= Martyn Lee (broadcaster) =

British DJ (born 1978)

Martyn Lee (born 22 July 1978) is a British national radio broadcaster, Sony award-winning radio producer, Neuro-linguistic programming (NLP) Master Practitioner and Hypnotist. He was a presenter on Absolute 80s from 2010 to 2019.

He has been Programme Director for radio stations on the south coast of England including 2CR FM, Original 106 and The Coast 106. Lee also works with Bournemouth University with their media and radio courses.

==Early career==

He grew up in Norfolk and Suffolk where his career started at LTR FM, which is now known as The Beach. He worked at Radio Broadland from 1994 to 1996 as the weekend sports producer.

==2CR FM==

In October 1996 he joined 2CR FM working on the breakfast show for the presenter 'Lloydie'. He went from being a producer to presenter on Boxing Day 1997 and subsequently went on to host the evening show, breakfast show and drivetime show. Whilst as 2CR FM he was also Head of Music and Assistant Programme Controller. He left in June 2006 having spent 10 years there presenting many shows including the Breakfast Show, Drivetime, Daytimes and 'The Hot 30 Countdown'

==GWR Group and GCap Media==

Whilst at 2CR FM in Bournemouth, Martyn was part of the music scheduling team for the parent companies, GWR and GCap Media responsible for choosing the playlists of over 30 radio stations.

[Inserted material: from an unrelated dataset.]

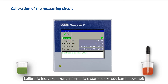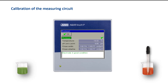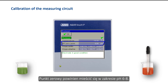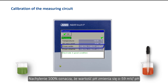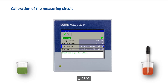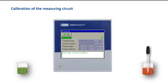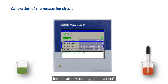The calibration is completed with information on the state of the combination electrode. The zero point is the pH value at which the electrode outputs 0 mV, and it should be within a range of pH 6 to 8. A slope of 100% means the pH value changes by minus 59 mV per pH at 25°C; the slope should be at least 90%. If the parameters are outside these recommendations, the combination electrode should be replaced.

==Original 106 and The Coast 106 ==

He joined Original 106 in July 2006 as Assistant Programme Director and host of the Saturday Breakfast show. For much of 2007 he was the host of the weekday afternoon show. In early 2008, with the arrival of Richard Skinner, he no longer presented a weekday programme and became Programme Director, whilst retaining his own show on Saturday evenings 6pm-midnight.

When Original 106 was bought by Celador in August 2008, Martyn was employed as Programme Director to launch The Coast 106, which went on air on 30 October 2008 with a line-up that included Matt Hopper, Iain Meadows and John Clayton.

==Absolute Radio==

On Monday 5 October 2009 he moved to Absolute Radio to produce The Christian O'Connell Breakfast Show weekday mornings from 6am-10am. In 2010 he produced a Sony Radio Award Winning promotion called 'One Last Dream'.

In November 2010 he moved from the breakfast show to present daily shows on the national digital radio stations operated by Absolute Radio, including Absolute 80s with holiday cover on Absolute Radio.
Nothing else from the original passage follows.